A stall occurs when the flow separates from the upper surface of the wing at high angles of attack. This results in a rapid decrease in the wing lift coefficient and an increase in the drag coefficient. Figure 1 shows the change in the wing lift coefficient as the effective angle of attack increases all the way up to 90 degrees. The effective angle of attack (α_eff) is the wing angle of attack when the effect by wing incidence angle, the wing zero-lift angle of attack and the induced angle of attack due to dihedral in sideslip are considered such that at α_eff  = 0° the lift coefficient is always zero.

Figure 1: Model for wing lift coefficient in stall. [1]

Figure 2 shows how the increase in drag coefficient is modeled in the library. After the maximum lift coefficient is achieved, the wing drag coefficient starts to follow a sine curve toward the maximum drag coefficient value at α_eff  = 90°.

Figure 2: Model for wing drag coefficient in stall. [1]

The first default plot shows the effective angle of attack and lift and drag coefficients of the main wing according to the stall models presented in Figures 1 and 2. The Wing alpha stall angle refers to the angle of attack when the wing lift coefficient stops following the linear lift curve slope, i.e. at the border of the blue and yellow curves in Figure 1, and the Wing alpha for max CL is the angle of attack at which the wing maximum lift coefficient is achieved. During the first 10 seconds of the simulation, it can clearly be seen in this plot how the lift coefficient rapidly starts to decrease as the angle of attack grows beyond the Wing alpha for max CL, whereas the drag coefficient increases due to the flow separation in stall.

The stall of the horizontal tail is also modeled in the library, and the second default plot shows the horizontal tail stall behavior. It should be noted that the horizontal tail lift coefficient does not achieve its maximum value at Horizontal tail alpha for max CL in this example. This is due to the elevator being deflected upward at the beginning of the simulation and thus decreasing the horizontal tail lift coefficient. The maximum lift coefficient for horizontal tail is calculated for an undeflected elevator.

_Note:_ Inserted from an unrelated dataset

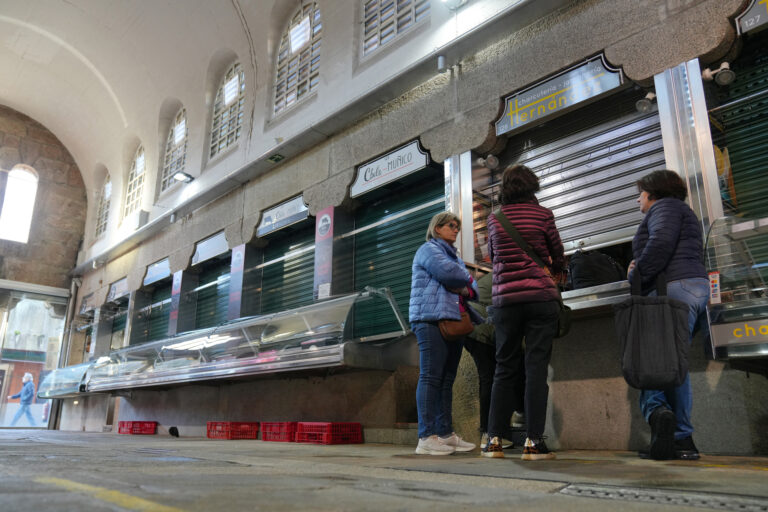 Dous detidos pola morte violenta do dono dunha carnicería na praza de abastos en Santiago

Further explanation about stall and how it is modeled in the library can be found in the documentation for WingBody and HorizontalTail and in section 3.3.3 in Reference [1].

References

[1]  Erä-Esko, N. (2022). "Development and Use of System Modeler 6DOF Flight Mechanics Model in Aircraft Conceptual Design."
      Available at: modelica://Aircraft/Resources/Documents/EraeEskoThesis.pdf.